The 2020 framework imposed strict standards for what constituted actual delivery. For a transaction to qualify, the buyer had to obtain full control and possession of the digital asset, including the ability to transfer it freely without interference from the seller or any third party. The guidance was specifically designed to address the blurry line between spot crypto purchases and regulated futures contracts, particularly when leverage or margin was involved.
At the time, the crypto market was a fraction of its current size. Bitcoin was trading below $10,000, decentralized finance was barely a concept in mainstream finance, and institutional adoption was minimal. The guidance reflected a market that no longer exists.
Why the CFTC Decided to Withdraw
Acting Chairman Pham made it clear that the withdrawal responds to fundamental changes in the digital asset landscape. “The CFTC is withdrawing outdated guidance related to actual delivery of virtual currencies, given the substantial developments in crypto asset markets,” she stated in the official announcement. Pham added that “with decisive action, real progress can be made to protect Americans by promoting access to safe US markets.”
The decision is grounded in several key developments that have transformed the market since 2020. Crypto asset trading volumes have grown exponentially, with institutional participation reaching unprecedented levels. The technology underpinning digital assets has matured significantly, with Layer 2 scaling solutions, institutional-grade custody solutions, and sophisticated trading infrastructure now commonplace. The passage of legislation like the GENIUS Act has also created new legal frameworks that the 2020 guidance did not contemplate.
Perhaps most importantly, the CFTC itself has evolved. The agency’s “Crypto Sprint” initiative, launched to implement recommendations from the President’s Working Group on Digital Asset Markets, represents a comprehensive effort to bring the CFTC’s regulatory approach into alignment with the current state of the industry.

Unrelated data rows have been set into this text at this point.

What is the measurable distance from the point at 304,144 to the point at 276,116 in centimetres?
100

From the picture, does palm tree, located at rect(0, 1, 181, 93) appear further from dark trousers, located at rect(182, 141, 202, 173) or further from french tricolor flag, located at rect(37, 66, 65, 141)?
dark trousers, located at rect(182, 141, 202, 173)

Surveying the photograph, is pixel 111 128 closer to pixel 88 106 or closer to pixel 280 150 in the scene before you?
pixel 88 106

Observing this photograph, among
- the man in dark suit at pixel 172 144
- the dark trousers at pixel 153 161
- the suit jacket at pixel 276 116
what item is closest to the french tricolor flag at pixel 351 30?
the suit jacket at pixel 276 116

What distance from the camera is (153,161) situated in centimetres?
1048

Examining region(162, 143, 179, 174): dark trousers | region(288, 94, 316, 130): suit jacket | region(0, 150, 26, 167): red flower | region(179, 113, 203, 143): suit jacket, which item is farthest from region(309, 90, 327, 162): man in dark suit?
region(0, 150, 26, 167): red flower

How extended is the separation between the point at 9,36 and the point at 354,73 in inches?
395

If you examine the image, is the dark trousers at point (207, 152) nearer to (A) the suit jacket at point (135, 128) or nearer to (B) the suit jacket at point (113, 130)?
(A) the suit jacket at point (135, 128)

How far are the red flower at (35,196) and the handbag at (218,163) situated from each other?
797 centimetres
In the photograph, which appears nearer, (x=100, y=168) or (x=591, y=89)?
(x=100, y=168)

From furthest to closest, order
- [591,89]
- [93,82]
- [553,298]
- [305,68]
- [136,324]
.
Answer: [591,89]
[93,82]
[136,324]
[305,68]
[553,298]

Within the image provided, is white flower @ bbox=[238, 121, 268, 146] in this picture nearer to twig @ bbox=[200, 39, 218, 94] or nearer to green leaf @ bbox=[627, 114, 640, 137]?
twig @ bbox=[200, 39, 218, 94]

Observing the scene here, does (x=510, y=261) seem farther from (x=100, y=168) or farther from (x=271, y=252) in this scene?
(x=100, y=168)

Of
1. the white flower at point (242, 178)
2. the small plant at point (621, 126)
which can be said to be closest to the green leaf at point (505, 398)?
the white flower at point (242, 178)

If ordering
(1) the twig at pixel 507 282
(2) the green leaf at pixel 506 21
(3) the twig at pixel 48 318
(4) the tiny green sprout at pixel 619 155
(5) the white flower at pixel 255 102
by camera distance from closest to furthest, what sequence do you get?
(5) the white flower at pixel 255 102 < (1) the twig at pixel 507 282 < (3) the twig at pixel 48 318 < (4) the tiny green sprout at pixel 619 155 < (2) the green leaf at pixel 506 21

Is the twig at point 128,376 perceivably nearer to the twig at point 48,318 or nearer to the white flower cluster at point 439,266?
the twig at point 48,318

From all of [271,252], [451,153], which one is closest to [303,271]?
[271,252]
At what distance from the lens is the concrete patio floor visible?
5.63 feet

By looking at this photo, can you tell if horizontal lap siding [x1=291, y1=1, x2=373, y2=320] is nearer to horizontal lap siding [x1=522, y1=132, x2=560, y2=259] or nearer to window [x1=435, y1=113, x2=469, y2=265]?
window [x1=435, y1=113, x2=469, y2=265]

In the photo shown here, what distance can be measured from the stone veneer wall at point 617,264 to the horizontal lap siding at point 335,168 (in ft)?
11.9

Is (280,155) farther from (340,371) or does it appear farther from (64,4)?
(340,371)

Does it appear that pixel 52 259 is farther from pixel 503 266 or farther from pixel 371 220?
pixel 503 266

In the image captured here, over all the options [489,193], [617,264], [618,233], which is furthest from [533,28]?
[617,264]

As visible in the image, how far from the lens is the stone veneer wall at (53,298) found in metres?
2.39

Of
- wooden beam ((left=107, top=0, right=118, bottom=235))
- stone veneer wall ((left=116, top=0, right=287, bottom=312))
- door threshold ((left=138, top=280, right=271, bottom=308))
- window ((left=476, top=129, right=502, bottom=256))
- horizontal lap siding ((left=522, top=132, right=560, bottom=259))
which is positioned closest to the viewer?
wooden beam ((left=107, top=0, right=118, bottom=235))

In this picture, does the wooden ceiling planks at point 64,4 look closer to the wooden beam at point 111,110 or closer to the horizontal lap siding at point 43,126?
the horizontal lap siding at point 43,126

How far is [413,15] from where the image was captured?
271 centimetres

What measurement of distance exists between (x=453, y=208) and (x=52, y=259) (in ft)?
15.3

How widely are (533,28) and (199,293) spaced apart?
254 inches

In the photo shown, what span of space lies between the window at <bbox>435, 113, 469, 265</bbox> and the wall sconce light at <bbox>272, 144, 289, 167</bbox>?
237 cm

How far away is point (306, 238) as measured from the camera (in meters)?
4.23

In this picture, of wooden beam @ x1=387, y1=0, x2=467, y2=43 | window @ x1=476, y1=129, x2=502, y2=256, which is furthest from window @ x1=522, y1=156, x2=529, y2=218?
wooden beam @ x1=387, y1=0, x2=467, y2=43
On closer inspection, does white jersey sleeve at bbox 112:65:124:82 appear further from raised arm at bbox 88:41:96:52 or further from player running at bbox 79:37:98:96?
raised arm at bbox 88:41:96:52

The Regulatory Gap and What Comes Next
The withdrawal of the 2020 guidance creates an immediate question: what standards now govern the determination of actual delivery for virtual currencies? The CFTC has acknowledged this gap and indicated that it may issue updated guidance or frequently asked questions to provide clarity to market participants.

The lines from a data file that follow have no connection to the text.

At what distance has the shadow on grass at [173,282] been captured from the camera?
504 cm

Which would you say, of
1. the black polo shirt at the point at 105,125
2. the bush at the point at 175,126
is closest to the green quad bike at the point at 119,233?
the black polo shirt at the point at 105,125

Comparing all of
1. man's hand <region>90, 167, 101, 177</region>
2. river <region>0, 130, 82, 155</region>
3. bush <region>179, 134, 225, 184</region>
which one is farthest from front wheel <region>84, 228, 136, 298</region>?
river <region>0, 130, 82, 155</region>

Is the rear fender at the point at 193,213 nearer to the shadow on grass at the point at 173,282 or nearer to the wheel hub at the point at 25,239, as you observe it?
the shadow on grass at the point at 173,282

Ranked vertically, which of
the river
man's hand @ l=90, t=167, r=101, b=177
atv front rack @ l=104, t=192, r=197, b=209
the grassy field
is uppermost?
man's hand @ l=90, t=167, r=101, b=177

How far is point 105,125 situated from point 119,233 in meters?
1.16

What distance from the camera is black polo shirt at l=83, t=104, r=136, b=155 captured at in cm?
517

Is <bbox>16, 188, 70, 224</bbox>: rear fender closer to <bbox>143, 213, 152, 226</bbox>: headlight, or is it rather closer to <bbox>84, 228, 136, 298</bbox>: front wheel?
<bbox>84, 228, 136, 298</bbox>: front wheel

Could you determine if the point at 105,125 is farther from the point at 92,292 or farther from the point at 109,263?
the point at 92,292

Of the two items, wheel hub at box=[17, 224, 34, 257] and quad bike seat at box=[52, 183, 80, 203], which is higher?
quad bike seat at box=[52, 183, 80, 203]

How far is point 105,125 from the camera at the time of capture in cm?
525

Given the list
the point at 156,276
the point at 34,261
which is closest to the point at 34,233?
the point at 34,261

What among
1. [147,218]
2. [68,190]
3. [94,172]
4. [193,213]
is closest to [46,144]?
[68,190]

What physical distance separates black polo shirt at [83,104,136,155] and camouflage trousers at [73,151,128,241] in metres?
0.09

Industry observers are watching closely to see what form the replacement framework will take. The CFTC has encouraged public input through its ongoing Crypto Sprint initiative, suggesting that the new approach may be more collaborative and industry-informed than the top-down guidance it replaces.
Legal analysts from Morgan Lewis noted that the withdrawal “leaves questions as to the regulation of firms that serve retail customers” who facilitate leveraged crypto transactions. Firms that relied on the 2020 guidance to structure their compliance programs will need to carefully evaluate their operations in light of the new regulatory landscape.
Broader Context: The CFTC’s Crypto Sprint
The actual delivery guidance withdrawal is not an isolated action. It came just days after the CFTC issued two other significant regulatory developments. On December 8, 2025, the CFTC’s Market Participants Division issued no-action relief allowing futures commission merchants to accept non-securities digital assets — including payment stablecoins, bitcoin, and ether — as collateral. The agency also issued staff guidance on the use of tokenized assets, including tokenized money market funds, as collateral in futures and cleared swaps trading.
These actions collectively represent a fundamental shift in how the CFTC approaches digital assets. Rather than applying legacy frameworks designed for traditional commodities, the agency is actively working to create regulatory structures that reflect the unique characteristics of digital assets while maintaining investor protections.
Industry Reaction
The response from the crypto industry has been largely positive. The withdrawal is seen as recognition that the 2020 guidance had become an obstacle to innovation, forcing market participants to comply with standards designed for a market that bore little resemblance to the current landscape.
Trading platforms and custodians that had structured their operations around the 28-day delivery window and strict custody requirements now have the opportunity to develop more flexible and efficient service models. However, the absence of replacement guidance also creates uncertainty, particularly for smaller firms that lack the legal resources to navigate regulatory ambiguity.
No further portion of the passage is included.